Because good (uncopyrighted...) ideas propagate. That is development and design.
You might not like it, but Borland yellow on blue was peak IDE design.
Personally, I have downloaded Borland themes for all my IDEs. I don't use them, of course, because I'm not entirely insane and I value my eyesight too much, but I have downloaded them.
I have Borland based themes because I want contrast. I hate all these pastel dull themes where all the colors are a similar hue or shade. Who uses them? How do they use them?

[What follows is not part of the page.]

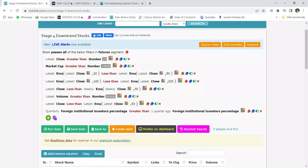Hello everyone, welcome back to Techno Charts YouTube channel. In today's video I am going to share a screener to identify stocks that are in a stage 4 downtrend. As you all know, the market has been heading downside for quite a long time and most of the stocks have turned bearish, so I have created a screener to identify stocks that are in a clear-cut downtrend.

Turbo Pascal was my first proper IDE. I remember our school had a new Ibm Ps/2 which ran dos 4.something, it had the text ui based editor, but it was just an editor. Turbo Pascal is where I spent 3 years of college, day and night.
I have a colleague who is really into Rick and Morty and has colorful hair. He's one of those who has a pink/purple theme with little to no contrast. I keep my distance.
Sure, but you can also have contrast with a dark background that isn't constantly shooting a third of the photons your screen can generate (or more, since in some screens blue pixels are the largest), and the most energetic at that, at your eyes... high contrast themes tend to have a black background (not a gray one like most dark themes) precisely as a way to maximise contrast...
(It was even worse when we sat all day in front of a fucking particle accelerator, of course; frankly, as much as I loved CRTs' ability to work with multiple resolutions I don't know how we didn't all end up going blind...)
I was developing 30 years ago and I love what's available today. Nostalgia is fine, as far as it goes, but things change and sometimes for the better. This is one of those cases.
I used the Borland Turbo Vision based UIs a LOT back in the day. They were very good for their time, but they can’t hold a candle to modern user interfaces.